Spaky wrote:Celtics are too good for them.
You know how the Celtics got good? You noted it below:
making as many trades as possible and signing everybody they can.
Anyway.
Lakers will be contenders for next 3-4 seasons. But Cavs?
Have been contenders for 3-4 seasons already? Went to the Finals in 2007, East Conf. Finals last year, back to back 60+ win teams now. All while overhauling the team to the point of near wretched excess.
In the same time they developed younger players like Farmar and Brown.
Except they didn't. Brown they acquired halfway through last season and Farmar hasn't really developed despite four years in the league.
That's what I call great way to build a team. Not by just making as many trades as possible and signing everybody they can.
So the great way to build a team is:
1. Have a superstar. (Kobe)
2. Add players through the draft. (Bynum, Farmar)

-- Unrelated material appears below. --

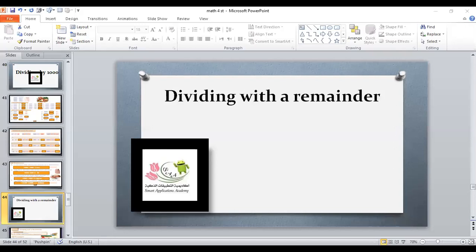Hello my dear students, how are you all? Bring your math book and pencil, open your notebook to page 33.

3. Trade junk for better players. (Out goes Kwame Brown, Maurice Evans, Brian Cook and in comes Gasol, Shannon Brown)
4. Maybe sign some players. (Ron Artest, Derek Fisher)
Well, yeah.
The problem is there's only so many stars, and you only have so many chances to acquire them. And it's not like the Lakers haven't traded a bunch. Only five players on their playoff roster were here in 2006-07, and three of those are Kobe, Odom and Bynum. That's one more player than the Cavs have from the 2007 Finals team on their playoff roster.

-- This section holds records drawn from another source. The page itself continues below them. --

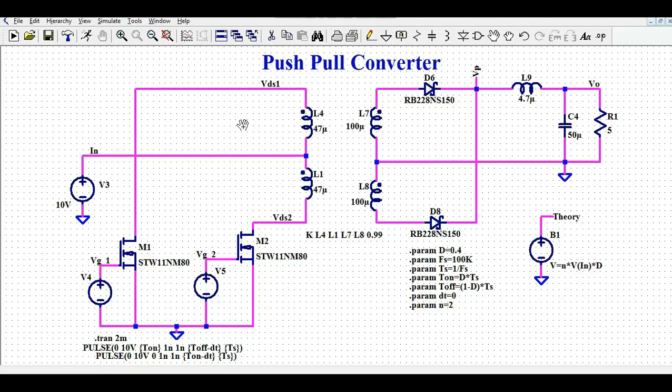Hello friends, welcome to Electronic Circuit Hub. Today we are going to understand the push-pull converter design and simulation in LTSpice.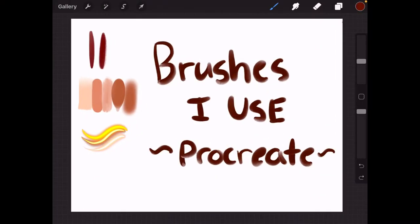Hey everyone, welcome back to another video, and today I will be showing you which brushes I use in Procreate.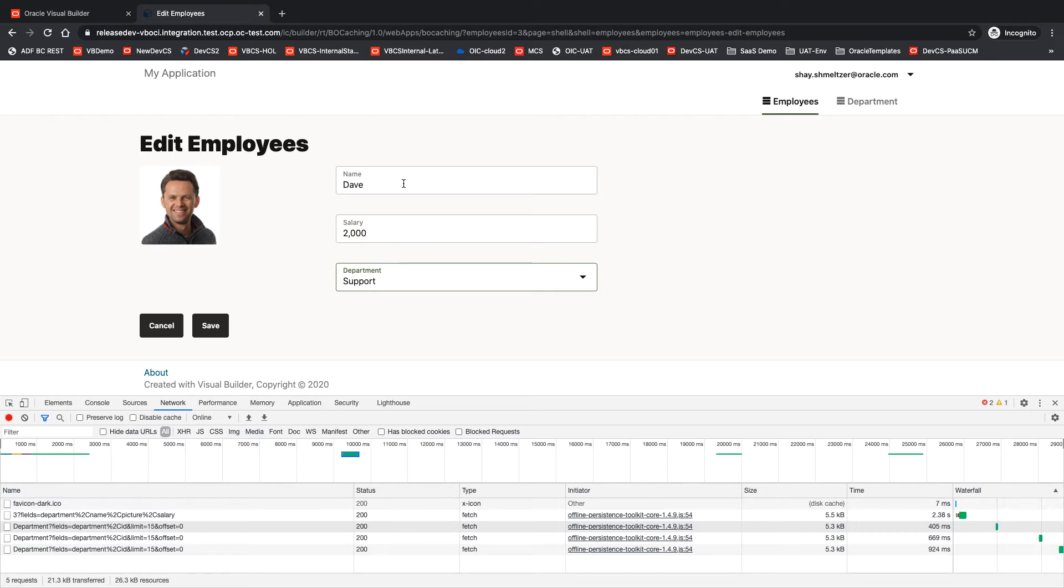However, if you know that this set of data doesn't change very frequently, you can actually indicate to Visual Builder that this data should be cached.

So what have the Cavs done to get here?
1. Have a superstar: LeBron James.
2. Add players through the draft: J.J. Hickson, Daniel Gibson.
3. Trade junk for better players: Out goes Larry Hughes, Gooden, Marshall, Damon Jones, Joe Smith, Eric Snow, Sasha Pavlovic, and in comes Shaq, West, Mo Williams, Antawn Jamison.
4. Maybe sign some players: Anthony Parker, Jamario Moon.
And the team they're facing?
1. Have a superstar: Let's count Paul Pierce for fun.
2. Add players through the draft: Rondo, Glen Davis. (Leon Powe)
3. Trade junk for better players: Out goes 80% of the team for Kevin Garnett and Ray Allen. Eddie House for Nate Robinson.
4. Maybe sign some players: Rasheed Wallace, Michael Finley, Marquis Daniels, Shelden Williams. (Eddie House, James Posey, P.J. Brown, Sam Cassell, etc. in the past.)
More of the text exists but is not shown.